Mâ zâġa-lbasaru vemâ taġâ
(Yani artık kesinlikle biliniz ve iman ediniz ki, Hz. Muhammed’deki) Göz (asla) kayıp-şaşmadı ve (sınırı da) aşmadı.
Gözü, ne kaydı, ne haddini aştı.
Dikkat edin! O peygamberin gözü ne kaydı, ne de başka yöne çevrildi.
Melekler âlemini görürken, aklı ve gözü sorumluluğunun ötesine kaymadı ve edep sınırını aşmadı.
Göz kaymadı ve (sınırı) aşmadı da.
Göz kayıp-şaşmadı ve (sınırı) aşmadı.
(Hz. Peygamber Aleyhisselâm gördüğü ahvali tam gördü de) göz ne kaydı, ne de aştı.
Göz (Muhammed’in gözü,) ne kaydı ne de yanlış gördü.
11,12,13,14,15,16,17,18. Kalp gördüğünü yalanlamadı. O'nun gördükleri hakkında onunla tartışıyor musunuz? Andolsun ki Cebrail'i bir başka inişte de görmüştü. Son sınır ağacı, sidretü'l-müntehâ yanında. O ağacın yanında Me'vâ cenneti vardır.
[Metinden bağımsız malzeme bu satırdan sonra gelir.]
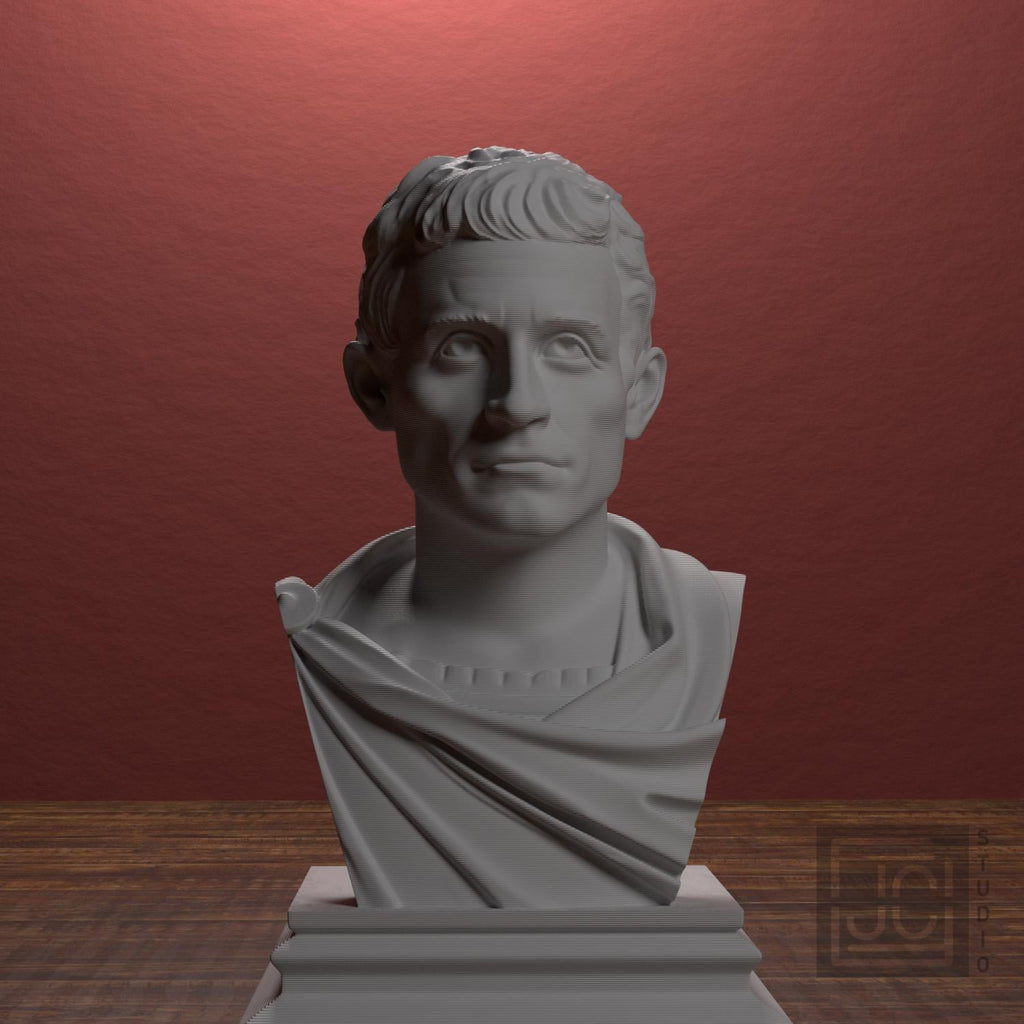 Julius Caesar Portrait No. 0136 3D Printed Collectible Bust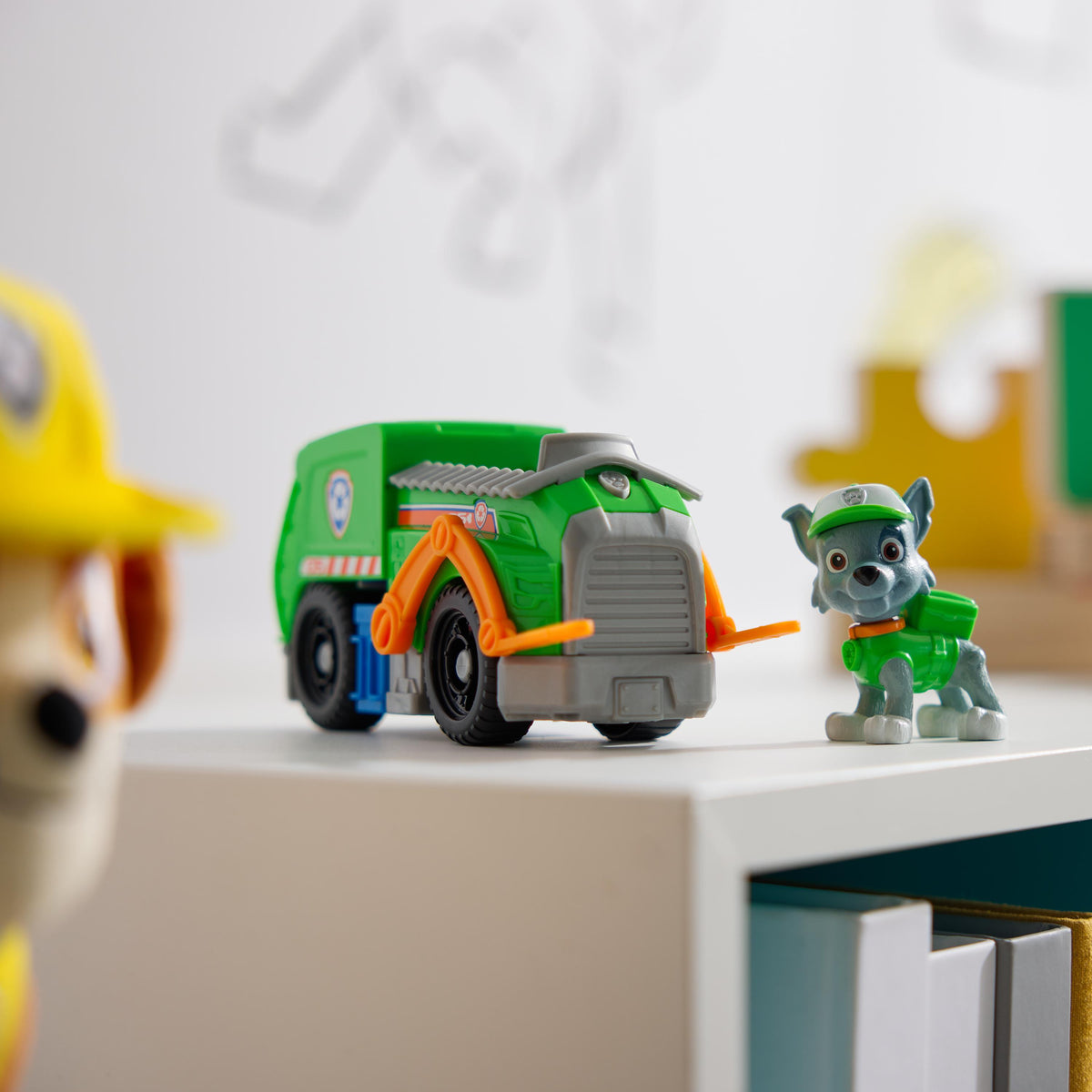 SPIN MASTER VEHICULE + FIGURINE ROCKY La Pat' Patrouille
Sidre'yi neler kaplamıştı neler! Ne gözü kaydı ne de belirlenen sınırı aştı. Andolsun ki Rabbinin en büyük âyetlerinden bir kısmını gördü.
Göz ne şaştı, ne de taştı
(Peygamberin) gözü (gördüğünden) kayıp şaşmadı ve (söylenenin dışına) sapmadı.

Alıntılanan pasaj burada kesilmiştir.